Fils de l’homme d’affaires Bemba Saolona (l’ancien patron des patrons (sous l’ère Mobutu) le sénateur détenu puis acquitté par la CPI a, en effet, le profil du tombeur et/ou successeur du Président Joseph Kabila. Son bassin électoral très étendu dans l’Etat-province de l’Equateur (Nord de la RDC) et sa fortune immense – Bemba possède un jet privé – seront utiles voire décisifs dans la bataille de 2018. En outre, Jean-Pierre Bemba dispose d’une puissante milice armée qui est un atout non négligeable dans une conjoncture de guerre civile latente et larvée. Enfin, le « candidat » de Washington et de Bruxelles est un orateur au verbe tranchant et assassin. Lors d’un mémorable meeting d’une campagne précédente, Jean-Pierre Bemba avait fait mal et mouche, en déclinant la vraie fiche d’identité de son adversaire : « le Président Joseph Kabila n’est pas congolais. Il s’appelle Hippolyte Kanembé, fils d’un chauffeur de taxi zambien et non de Laurent-Désiré Kabila ». Morale de l’histoire : un prisonnier de la CPI est également un potentiel pion de l’Occident. Ah, quelle justice internationale !
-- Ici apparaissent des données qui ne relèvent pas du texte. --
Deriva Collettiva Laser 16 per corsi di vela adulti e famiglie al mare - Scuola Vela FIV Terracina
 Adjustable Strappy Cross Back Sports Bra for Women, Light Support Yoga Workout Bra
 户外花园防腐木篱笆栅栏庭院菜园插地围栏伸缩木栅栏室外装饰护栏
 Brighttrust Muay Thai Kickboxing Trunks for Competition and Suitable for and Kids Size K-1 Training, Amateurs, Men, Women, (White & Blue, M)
« L’Afrique ressemble à un revolver dont la gâchette se trouve au Congo » constatait, avec perspicacité, un digne fils de la Diaspora : Frantz Fanon. Lecture tragiquement prémonitoire du destin d’un pays riche qui, de 1960 à nos jours, campe périlleusement au carrefour de toutes les convoitises : économique, géopolitique et géostratégique. Vrai condensé de toutes les malédictions qu’attire un scandale géologique (uranium, diamant, cuivre, cobalt, coltan etc.) la patrie de Patrice Emery Lumumba est, aussi, la grande victime du déficit de conscience nationale de ses fils qui se satisfont de leurs rôles de pantins enrôlés par l’Occident ou épaulés par la Chine (cas du Président Joseph Kabila). Une posture d’abdication nationale qui se prolonge au détriment de l’essor et du salut de la RDC. Le plus vaste pays du continent – depuis le démantèlement du Soudan en deux Etats – qui mérite un présent et un futur plus rayonnants que ceux de l’émergente Afrique du Sud.
En 1876, le Roi des Belges, Léopold II fait main basse sur le Congo, spolie le territoire érigé en propriété royale et donne son nom à la capitale : Léopoldville. En 1961, le gouvernement du Royaume de Belgique orchestre la sécession du Katanga via la marionnette Moise Tschombé. La même année, la CIA assassine le leader nationaliste Patrice Lumumba. De 1965 à 1997, l’Amérique parraine et positionne durablement la dictature du Maréchal Mobutu. En cette année 2018, l’Américain Herman Cohen programme le poulain Bemba. Le destin d’un pays ne saurait être plus tragiquement capturé et bloqué de l’extérieur.